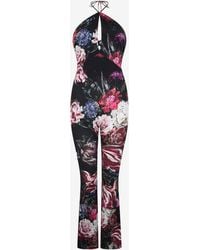 Roberto Cavalli - Fiammingo Flowers Print Catsuit - Lyst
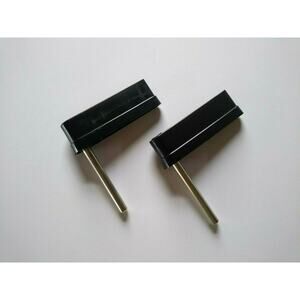 Pinball Machine Flipper Bat Set Of 2 With Star Logo Black Color 3" With Shaft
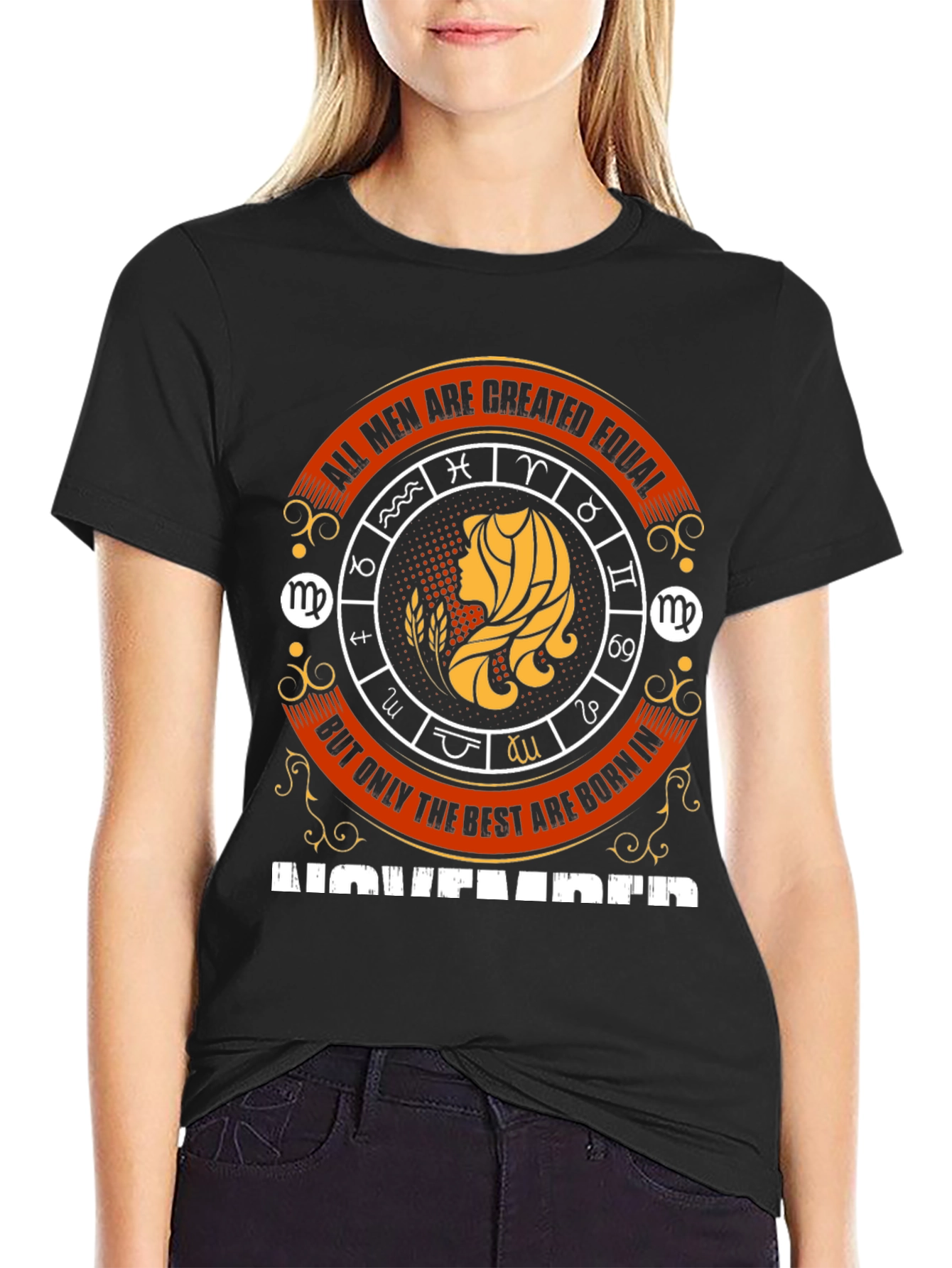 November Zodiac Virgo Mens T-Shirt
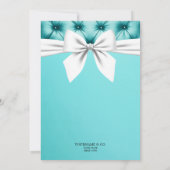 シックモダンボウアクアブルーティファニーベビーシャワー 招待状 (裏面)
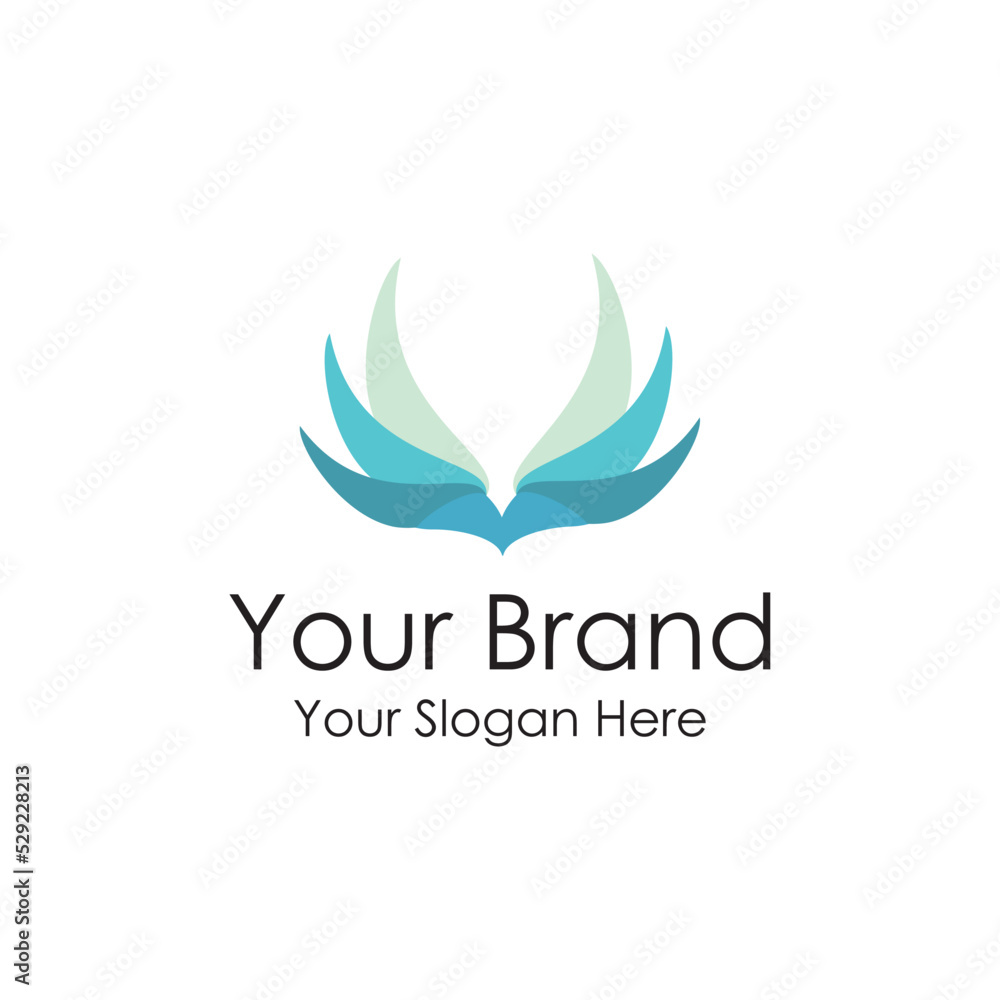 blue wings simple logo design for your business blue wings simple logo design for your business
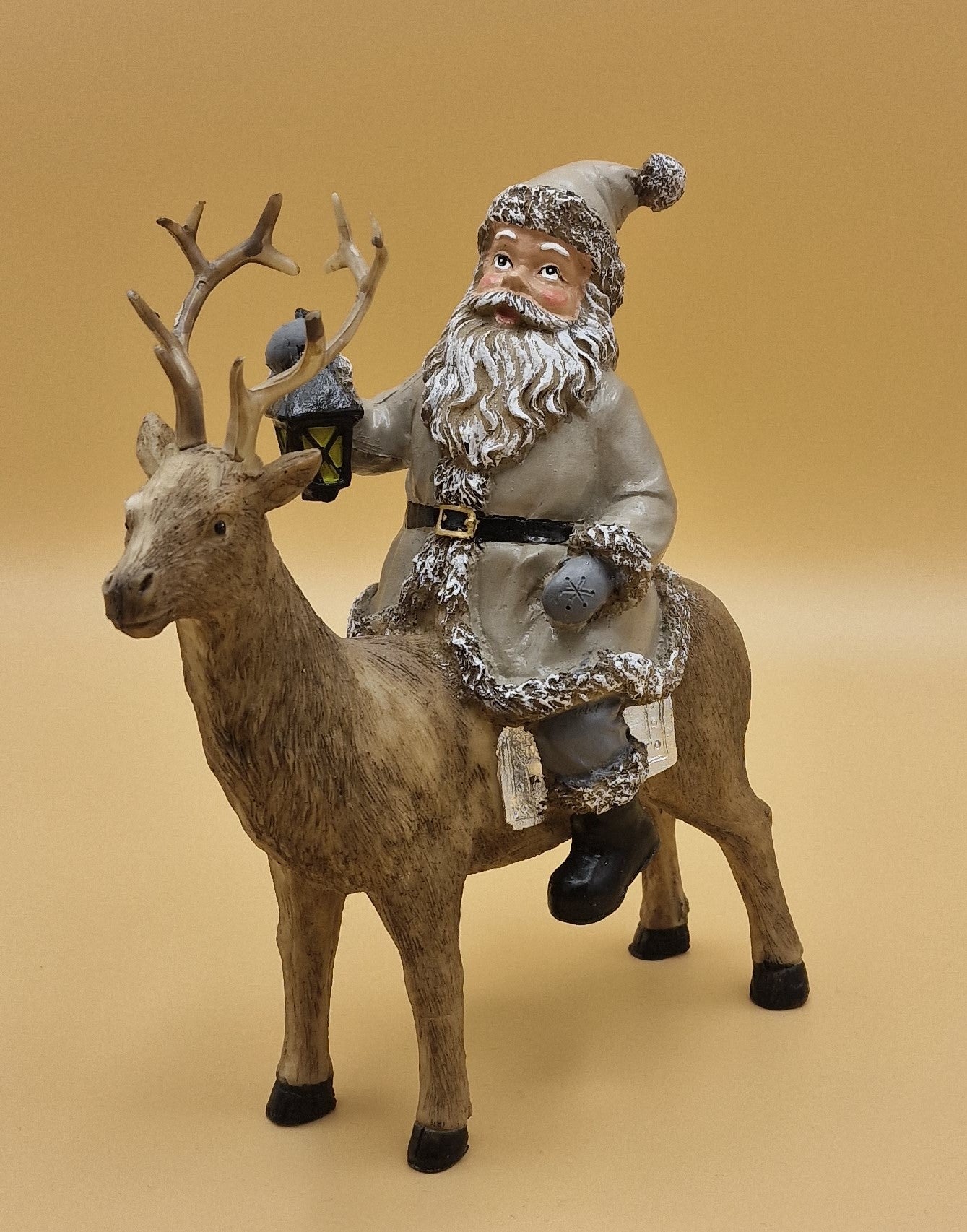 Babbo Natale su renna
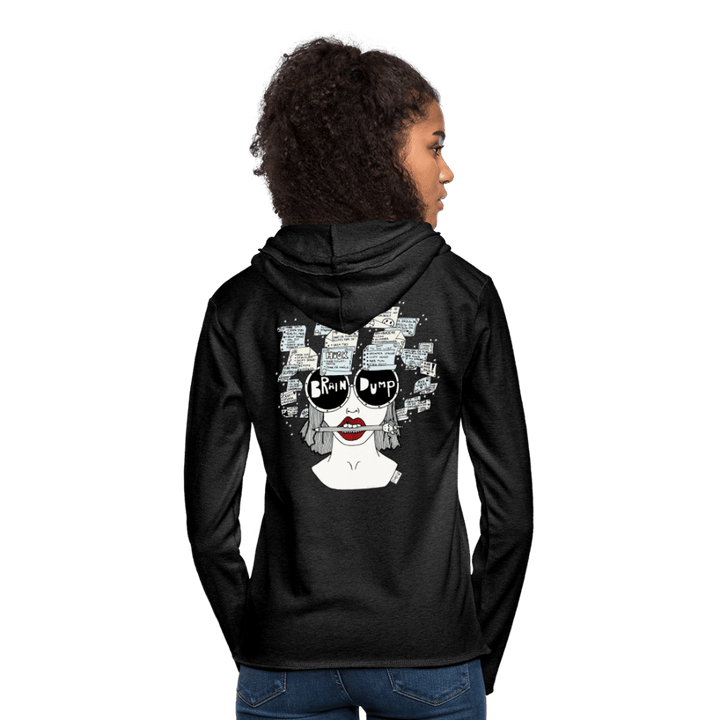 ADHD Brain Dump - Let Unisex hættetrøje - Let sweatshirt med hætte, unisex - grå meleret - Dajlig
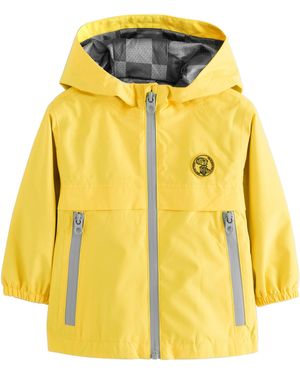 Next Kurzmantel Wasserabweisender, langer Anorak (1-tlg) - Gelb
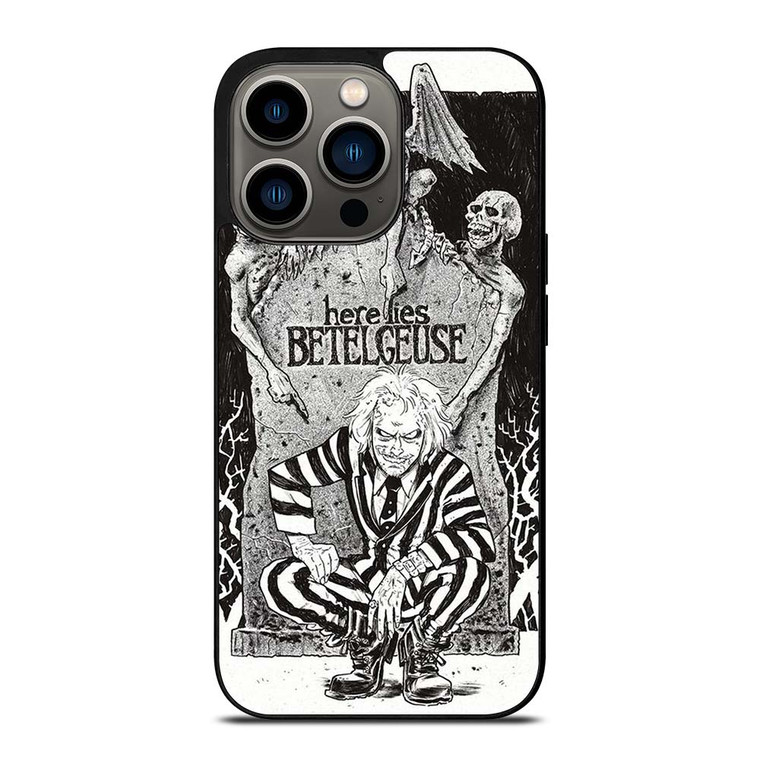 BEETLEJUICE TIM BURTON ART iPhone 13 Pro Case Cover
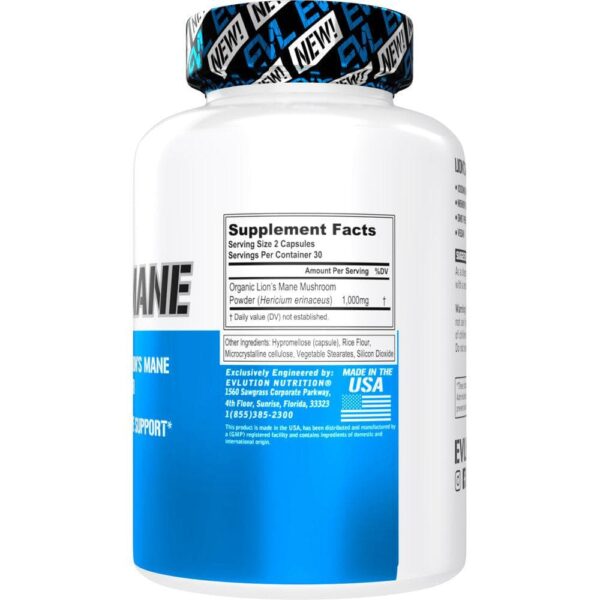 LION'S MANE 1000 MG X 30 SERV - EVL - Imagen 2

..............................

→ **Task instructions**
Return the full set of lines above word for word and with no pictures.

→ **Exercise answer**
 Roberto Cavalli - Fiammingo Flowers Print Catsuit - Lyst
 Pinball Machine Flipper Bat Set Of 2 With Star Logo Black Color 3" With Shaft
 November Zodiac Virgo Mens T-Shirt
 シックモダンボウアクアブルーティファニーベビーシャワー 招待状 (裏面)
 blue wings simple logo design for your business blue wings simple logo design for your business
 Babbo Natale su renna
 ADHD Brain Dump - Let Unisex hættetrøje - Let sweatshirt med hætte, unisex - grå meleret - Dajlig
 Next Kurzmantel Wasserabweisender, langer Anorak (1-tlg) - Gelb
 BEETLEJUICE TIM BURTON ART iPhone 13 Pro Case Cover
 LION'S MANE 1000 MG X 30 SERV - EVL - Imagen 2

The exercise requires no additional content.